The title track, Andromeda, became the composition that defined him — even serving as the soundtrack to Planica ski jumping broadcasts, where it played during slow-motion replays. Hearing it, you understand why. It’s delicate, dreamlike, but also charged with a soaring quality that moves — whether in space or on snowy mountains — feel monumental.
Wizard is harder to track down these days, lost in the shuffle of scattered uploads, but the 2023 reissue has thankfully brought the album back into circulation in a gorgeous gatefold sleeve. It’s on my list to pick up — this is one of those records you want in physical form, not just on a playlist.
Finally, Pegaz closes things out in fitting fashion. It’s nostalgic, soothing, and contemplative, like the ship finally coasting into safe orbit. I can only imagine how perfect it must feel to put this on while stargazing, the music weaving itself into the night sky.
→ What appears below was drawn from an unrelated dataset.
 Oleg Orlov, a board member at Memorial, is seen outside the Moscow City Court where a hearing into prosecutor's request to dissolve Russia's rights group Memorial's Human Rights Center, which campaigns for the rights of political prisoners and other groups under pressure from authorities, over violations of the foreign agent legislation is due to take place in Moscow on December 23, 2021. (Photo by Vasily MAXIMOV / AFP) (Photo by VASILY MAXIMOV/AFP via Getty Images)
Listening to Andromeda today, it still feels ahead of its time. Not everything clicks perfectly, but when it does, it’s spellbinding — a rare Yugoslav record that looks not inward but outward, turning its gaze to the stars. For me, it’s less an album and more a galaxy — Andromeda — a place you step into for 35 minutes. A pioneering work, and one that shows just how wide the universe of Ex-YU music really was.